Many machine learning packages require string characteristics to be translated to numerical representations in order to the proper functioning of models. Categorical string characteristics can represent a wide range of data (e.g., gender, names, marital status, etc.) and are notoriously difficult to preprocess mechanically. This post will go over one such Python-based framework that is designed to automate the preparation tasks that are required when dealing with textual data. The following are the main points to be discussed in this article.

Table of Contents 

  1. The Problem with Automated Preprocessing
  2. Challenges Addressed by the Framework
  3. The Methodology
  4. Evaluation Results
  5. Python Implementation

Let’s start by discussing general problems we face when we aim to automate the process.

The Problem with Automated Preprocessing

Real-world datasets frequently contain category string data, such as zip codes, names, or occupations. Many machine learning techniques require such string features to be translated to a numerical representation in order to function properly. The specific processing is necessary depending on the type of data. Latitudes and longitudes, for example, may be the ideal way to convey geographical string data (e.g., addresses). 

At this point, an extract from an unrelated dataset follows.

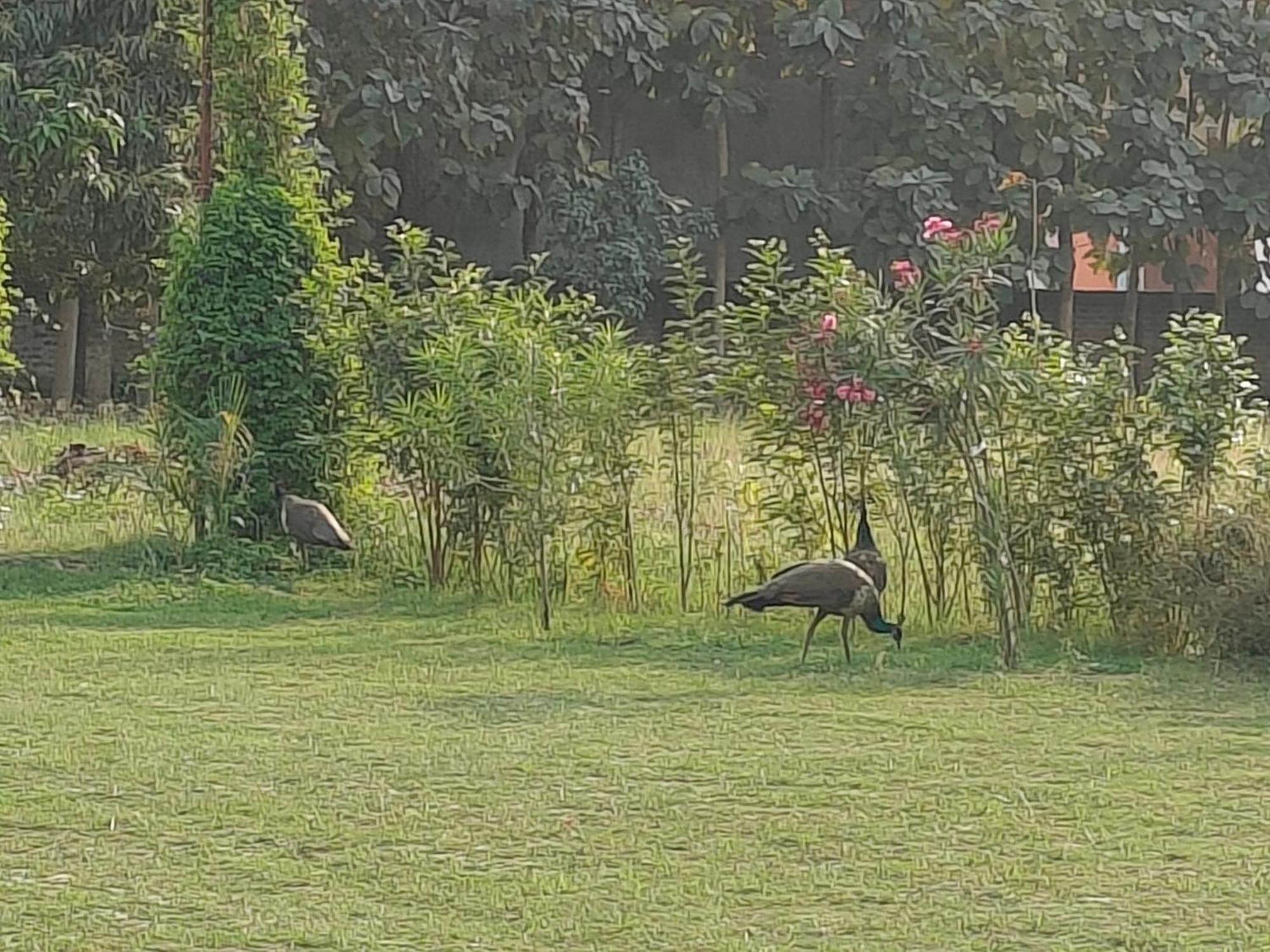 Nature Homestay Varanasi Eksteriør bilde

Data scientists must manually preprocess such raw data, which takes a large amount of time, up to 60% of their day. There are automated data cleaning technologies available, however, they frequently fail to meet the enormous range of category string data.

John W. van Lith and Joaquin Vanschoren provide a framework titled “From string to Data Science” for systematically identifying and encoding various sorts of categorical string features in tabular datasets. We will also examine an open-source Python implementation that will be tested on a dataset.

Challenges Addressed by the Framework

This approach handles a variety of issues. First, type identification seeks to discover preset ‘types’ of string data (for example, dates) that necessitate additional preparation. Probabilistic Finite-State Machines (PFSMs) are a viable approach that can generate type probabilities and is based on regular expressions. They can also detect missing or out-of-place entries, such as numeric values in a string column.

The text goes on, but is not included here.